The Steelers were a veteran team one season removed from a Super Bowl title when Tomlin got the job Jan. 22, 2007, at age 34. The players were watching him closely. Tomlin ran an intentionally savage training camp to make the point that he was in charge and to help him determine the hardest workers.

Now the Steelers credit him for delegating authority to his assistants, rather than interfering with play-calling, and for easing up on some players as he has grown more comfortable with them.

“I like the head-scratching,” Tomlin said. “I go out of my way to not put them at ease. There’s nothing wrong with being in a permanent state of arousal and not finding a comfort zone.”

That wisdom is undoubtedly jotted in one of his notebooks, which will stretch a little longer for this season.
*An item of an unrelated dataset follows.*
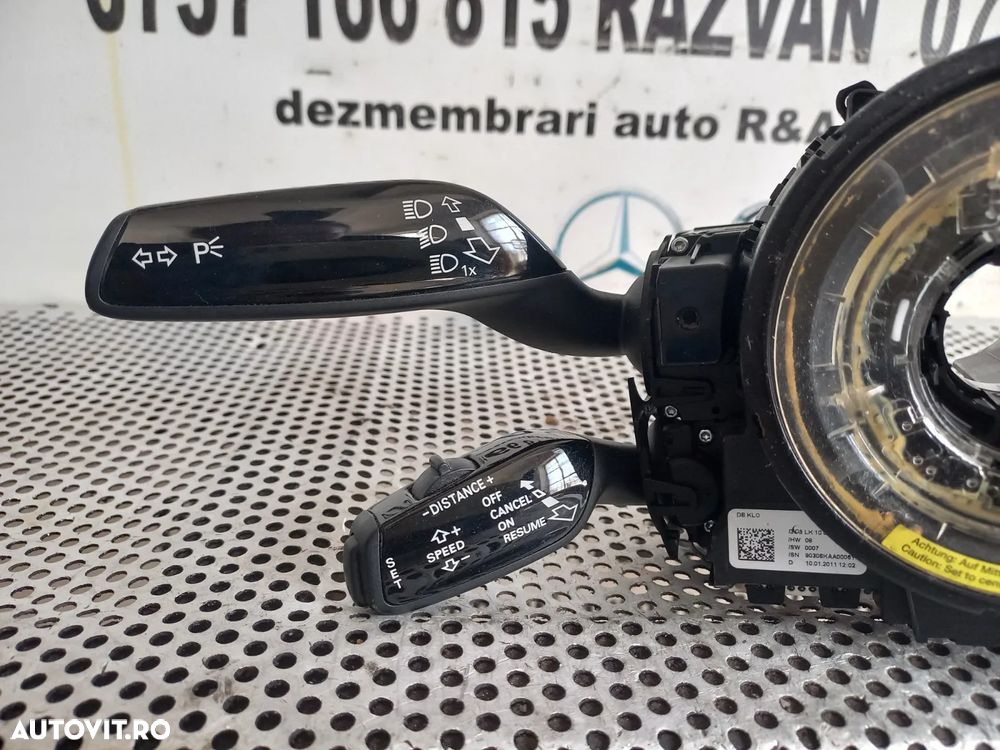 Banda Spira Spirala Volan Airbag Maneta Audi A8 4H D4 An 2010-2011-2012-2013-2014-2015-2016-2017 Cod 4H0907129B 4H0953502B 4H0953568A Dezmembrez Audi A8 4H D4 3.0 Tdi Quattro Motor CDT Cutie MXU Volan Stanga - Dezmembrari Arad - 6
There is no hiding how smart Tomlin is now, but that was never the whole book on him.

A few weeks after he became the Steelers’ coach, Tomlin invited Hammons, a Pittsburgh native and lifelong Steelers fan, to his first minicamp. Tomlin showed him the five Lombardi Trophies. He introduced him to the team’s chairman, Dan Rooney. Hammons was overwhelmed.

“We get out on the practice field, and he’d come over to me and say: ‘You know what, Terry? I could blow this whistle and all of the Pittsburgh Steelers would come running over. Do you want me to blow this whistle, Terry?’ ” Hammons said. “And he just laughs and walks away.”